Modification indispensable de la norme pénale contre les désagréments causés à un enfant en le confrontant à un acte d'ordre sexuel
20.3690 · Motion · 2020-06-17
Département de justice et police
Liquidé
Wortlaut
Le Conseil fédéral est chargé d'élaborer un projet de loi couvrant toutes les nouvelles formes de désagréments causés à un enfant en le confrontant à un acte d'ordre sexuel par écrit et par des moyens informatiques. Si la victime a moins de 16 ans, l'infraction est poursuivie d'office et l'auteur puni.
Begründung
L'utilisation accrue de l'informatique a fait exploser le nombre de désagréments causés par la confrontation à un acte d'ordre sexuel. Selon l'étude JAMES de 2018, en Suisse, 30 % des jeunes entre 12 et 19 ans en ont déjà été une fois victimes sur Internet. La distance virtuelle relativise le sentiment de pudeur. En effet, les gens font ou écrivent sur Internet des choses qu'ils ne feraient ou n'écriraient pas dans la vraie vie. La doctrine n'est pas unanime quant à savoir si un simple texte entre dans le champ d'application de l'art. 198 CP (désagréments causés par la confrontation à un acte d'ordre sexuel). De même, il est rare que la jurisprudence considère que les conditions sont remplies dans le cas d'échanges écrits sur Internet. L'art. 198 CP doit donc être modifié pour que, dans ce contexte, toutes les formes de désagréments soient punies. Des comportements qui seraient punis dans la vraie vie ne doivent pas ne pas l'être parce qu'ils ont eu lieu sur Internet.

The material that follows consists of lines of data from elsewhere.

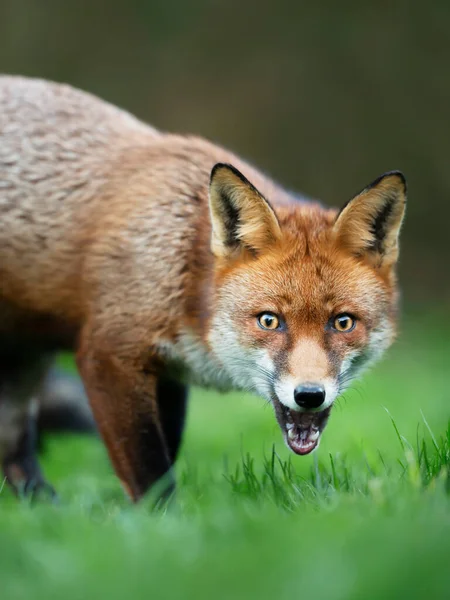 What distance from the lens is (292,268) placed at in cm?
492

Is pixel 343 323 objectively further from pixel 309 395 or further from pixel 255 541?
pixel 255 541

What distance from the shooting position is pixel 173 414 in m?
6.13

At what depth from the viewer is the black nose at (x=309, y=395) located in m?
4.36

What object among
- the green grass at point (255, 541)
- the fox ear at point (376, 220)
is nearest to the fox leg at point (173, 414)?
the green grass at point (255, 541)

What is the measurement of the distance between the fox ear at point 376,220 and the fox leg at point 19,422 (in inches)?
104

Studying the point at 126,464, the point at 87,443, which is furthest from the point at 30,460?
the point at 87,443

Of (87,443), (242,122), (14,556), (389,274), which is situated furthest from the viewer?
(242,122)

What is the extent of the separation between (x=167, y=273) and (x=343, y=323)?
1113 mm

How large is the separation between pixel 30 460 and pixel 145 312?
2.16 m

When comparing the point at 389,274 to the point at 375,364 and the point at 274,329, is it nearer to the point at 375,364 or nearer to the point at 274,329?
the point at 375,364

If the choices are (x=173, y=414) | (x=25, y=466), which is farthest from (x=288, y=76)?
(x=173, y=414)

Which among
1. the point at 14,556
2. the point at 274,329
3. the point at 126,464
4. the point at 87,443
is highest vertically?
the point at 274,329

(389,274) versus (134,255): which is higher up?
(389,274)

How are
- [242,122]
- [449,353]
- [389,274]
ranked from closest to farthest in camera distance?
[389,274] → [449,353] → [242,122] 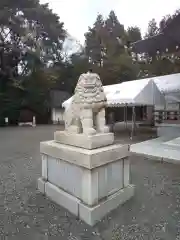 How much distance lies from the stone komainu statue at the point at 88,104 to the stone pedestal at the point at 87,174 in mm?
158

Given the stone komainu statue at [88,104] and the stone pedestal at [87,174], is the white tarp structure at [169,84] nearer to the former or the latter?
the stone komainu statue at [88,104]

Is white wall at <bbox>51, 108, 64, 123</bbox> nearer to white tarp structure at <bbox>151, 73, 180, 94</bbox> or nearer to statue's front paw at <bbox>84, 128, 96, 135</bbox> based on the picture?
white tarp structure at <bbox>151, 73, 180, 94</bbox>

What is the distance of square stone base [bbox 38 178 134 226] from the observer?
277cm

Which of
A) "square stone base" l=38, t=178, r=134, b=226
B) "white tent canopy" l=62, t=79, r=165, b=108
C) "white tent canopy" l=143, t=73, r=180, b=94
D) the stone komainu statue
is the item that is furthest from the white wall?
the stone komainu statue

De plus, l'infraction de l'art. 198 CP devrait être poursuivie d'office si la victime a moins de 16 ans. L'auteur devrait être puni par exemple d'une peine privative de trois ans au maximum ou d'une peine pécuniaire. Confronter un enfant à un acte d'ordre sexuel ne doit pas être considéré comme une infraction anodine. Un enfant ou un jeune n'a pas forcément conscience du préjudice qu'il est en train de subir et donc qu'il s'agit d'une infraction. De plus, à cet âge, il est rare de parler des expériences faites sur Internet avec ses parents ou un spécialiste. Enfin, un enfant peut renoncer à déposer une plainte en raison de la blessure psychologique subie, qui peut parfois être lourde et durable, d'un sentiment de honte ou simplement de son jeune âge.
Ce n'est qu'en modifiant l'art. 198 CP que l'on pourra protéger correctement les enfants et les jeunes des désagréments causés par la confrontation à un acte d'ordre sexuel sur Internet.
Antrag des Bundesrates
Le Conseil fédéral propose de rejeter la motion.

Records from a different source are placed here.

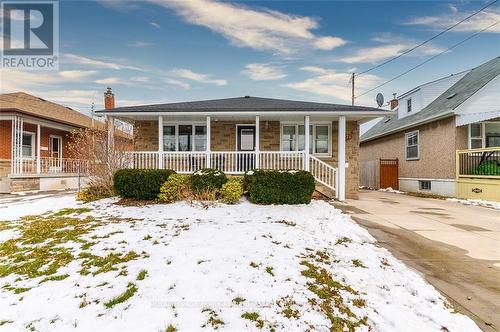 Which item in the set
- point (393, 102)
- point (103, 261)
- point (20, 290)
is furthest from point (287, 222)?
point (393, 102)

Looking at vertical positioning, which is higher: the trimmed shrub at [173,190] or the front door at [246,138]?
the front door at [246,138]

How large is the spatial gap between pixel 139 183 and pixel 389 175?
16.3m

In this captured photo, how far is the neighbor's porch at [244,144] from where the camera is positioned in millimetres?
12367

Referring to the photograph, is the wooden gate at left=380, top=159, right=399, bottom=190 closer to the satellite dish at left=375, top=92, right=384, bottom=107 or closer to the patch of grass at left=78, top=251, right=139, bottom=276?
the satellite dish at left=375, top=92, right=384, bottom=107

Stellungnahme des Bundesrates
Le Conseil des États a décidé le 9 juin 2020 de limiter le projet 18.043 " Harmonisation des peines et adaptation du droit pénal accessoire au nouveau droit des sanctions " aux questions relatives à la fourchette des peines. L'opportunité d'une révision matérielle des dispositions pénales régissant les infractions d'ordre sexuel sera quant à elle examinée plus en détail dans le cadre d'un projet séparé.

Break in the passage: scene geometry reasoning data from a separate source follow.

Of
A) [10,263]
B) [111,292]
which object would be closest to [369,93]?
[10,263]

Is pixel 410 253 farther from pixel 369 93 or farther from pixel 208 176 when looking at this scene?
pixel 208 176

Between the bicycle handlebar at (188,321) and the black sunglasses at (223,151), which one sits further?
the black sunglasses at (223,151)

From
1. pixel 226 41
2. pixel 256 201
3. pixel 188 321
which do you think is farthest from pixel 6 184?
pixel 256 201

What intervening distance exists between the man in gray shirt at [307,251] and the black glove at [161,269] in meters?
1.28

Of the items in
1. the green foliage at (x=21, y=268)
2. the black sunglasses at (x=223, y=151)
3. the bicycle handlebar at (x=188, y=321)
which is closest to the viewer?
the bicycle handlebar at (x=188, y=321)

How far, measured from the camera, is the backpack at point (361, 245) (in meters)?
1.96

La Commission des affaires juridiques du Conseil des États (CAJ-E) a chargé l'administration de préparer des propositions de révision et d'organiser une consultation à leur sujet. L'Office fédéral de la justice est en train d'élaborer, avec l'aide d'experts des milieux académiques, un avant-projet de révision (partielle) du droit pénal relatif aux infractions sexuelles.
L'initiative parlementaire 18.434 (Amherd) Bregy " Punir enfin le pédopiégeage en ligne " traite elle aussi de la thématique de la motion. Il a été décidé de lui donner suite et elle sera intégrée aux travaux consacrés au projet mentionné ci-dessus. Elle envisage notamment une révision de l'art. 198 CP.
Le Conseil fédéral constate donc que le Parlement prend au sérieux le souci de l'auteure de la motion. Il estime qu'il vaut mieux qu'il ne se lance pas dans une mise en oeuvre parallèle.
Le Conseil fédéral propose de rejeter la motion.